Романизация литературы вовсе не есть навязывание другим жанрам несвойственного им чужого жанрового канона. Ведь такого канона у романа вовсе и нет. Он по природе не каноничен. Это - сама пластичность. Это - вечно ищущий, вечно исследующий себя самого и пересматривающий все свои сложившиеся формы жанр. Таким только и может быть жанр, строящийся в зоне непосредственного контакта со становящейся действительностью. Поэтому романизация других жанров не есть их подчинение чуждым жанровым канонам; напротив, это и есть их освобождение от всего того условного, омертвевшего, ходульного и нежизненного, что тормозит их собственное развитие, от всего того, что превращает их рядом с романом в какие-то стилизации отживших форм.

Свои положения я развивал в несколько отвлеченной форме. Я иллюстрировал их только некоторыми примерами из античного этапа становления романа.
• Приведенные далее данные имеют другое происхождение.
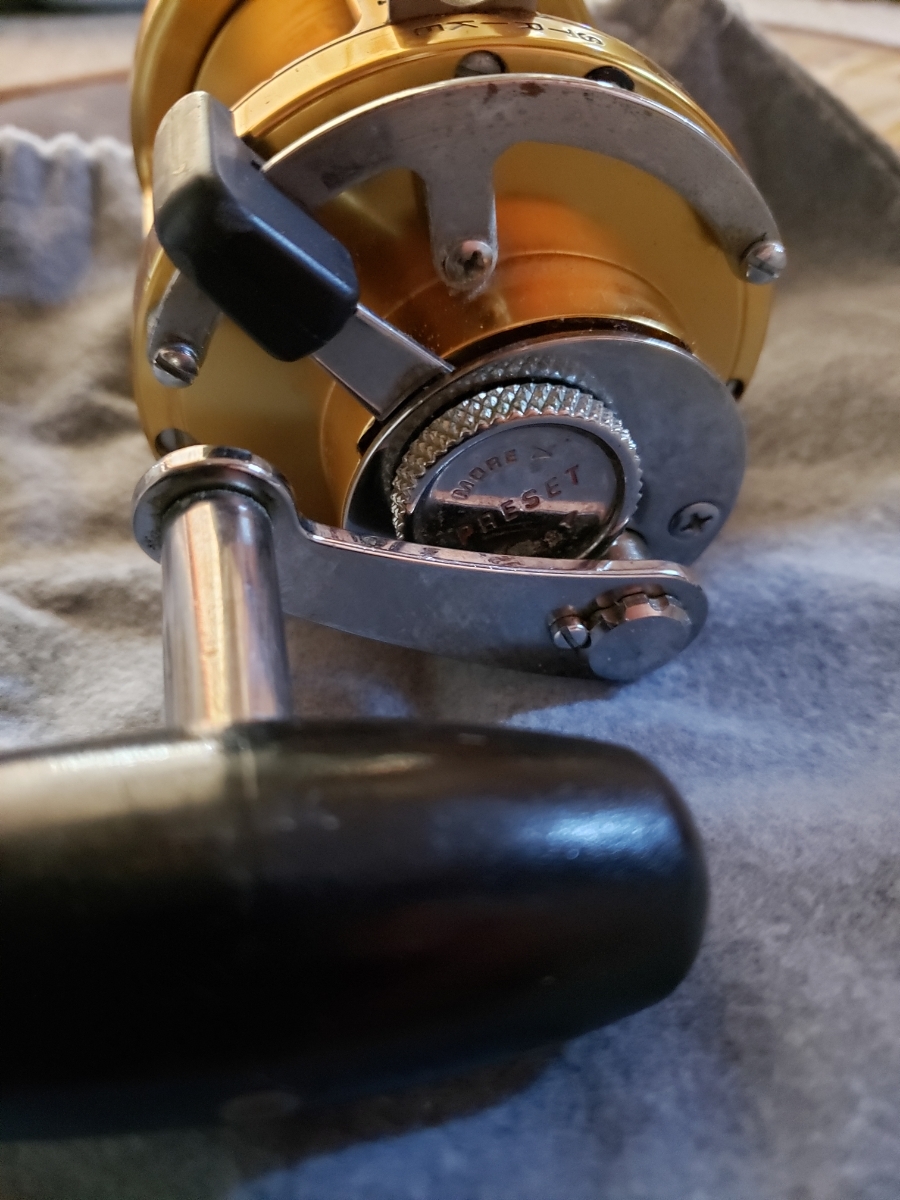 PENN REELS ペン INTERNATIONAL Ⅱ 12 LT 両軸リール
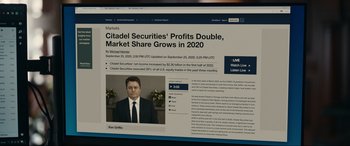 Movie still from “Dumb Money” (2023), directed by Craig Gillespie – A computer screen with a news article about a man; Extreme Close Up shot, Over the shoulder angle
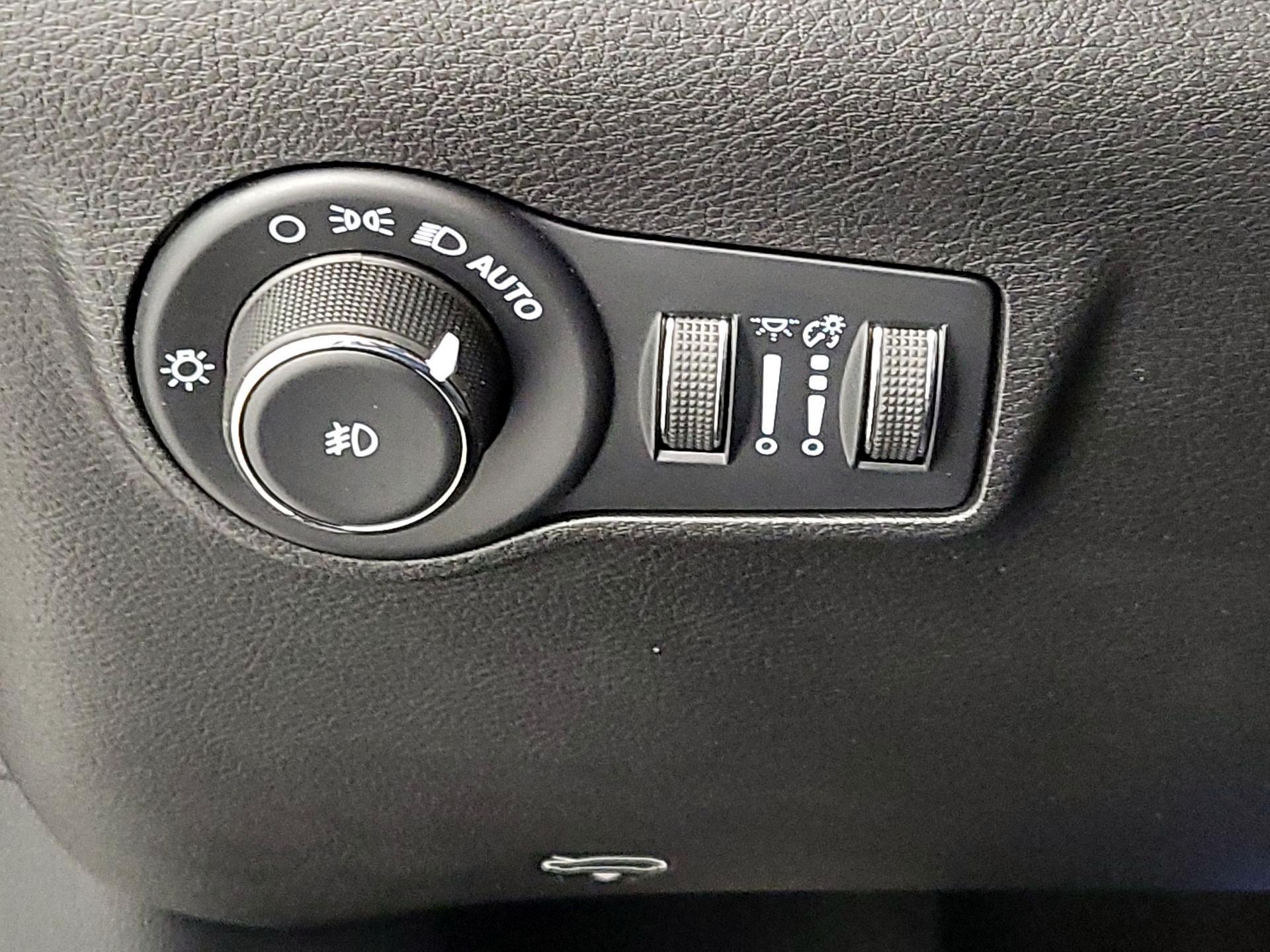 Thumbnail: 2023 Jeep Compass - 13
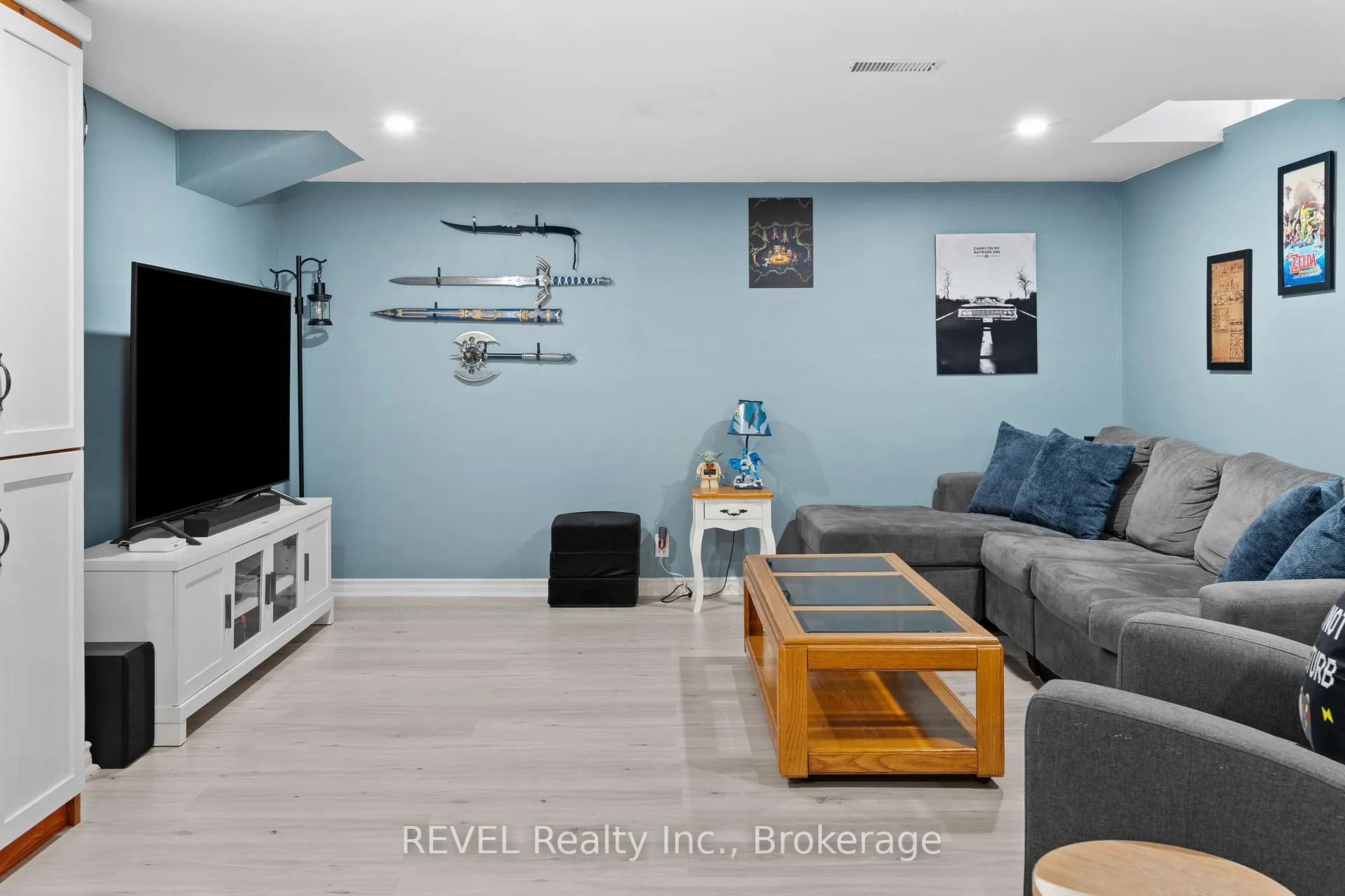 Photo 30 of 8a Brown Drive, St. Catharines, Rykert/Vansickle — HOMEH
Мой выбор определяется тем, что у нас резко недооценивают значение этого этапа. Если и говорят об античном этапе романа, то имеют в виду, по традиции, только "греческий роман". Античный этап романа имеет громадное значение для правильного понимания природы этого жанра. Но на античной почве роман действительно не мог развить всех тех возможностей, которые раскрылись в новом мире. Мы отмечали, что в некоторых явлениях античности незавершенное настоящее начинает чувствовать себя ближе к будущему, чем к прошлому. Но на почве бесперспективности античного общества этот процесс переориентации на реальное будущее не мог завершиться: ведь этого реального будущего не было. Впервые эта переориентация совершилась в эпоху Ренессанса. В эту эпоху настоящее, современность, впервые почувствовало себя не только незавершенным продолжением прошлого, но и неким новым и героическим началом. Воспринимать на уровне современности значило уже не только снижать, но и подымать в новую героическую сферу. Настоящее в эпоху Ренессанса впервые почувствовало себя со всею отчетливостью и осознанностью несравненно ближе и роднее будущему, чем прошлому.

Процесс становления романа не закончился. Он вступает ныне в новую фазу. Для эпохи характерно необычайное усложнение и углубление мира, необычайный рост человеческой требовательности, трезвости и критицизма. Эти черты определят и развитие романа.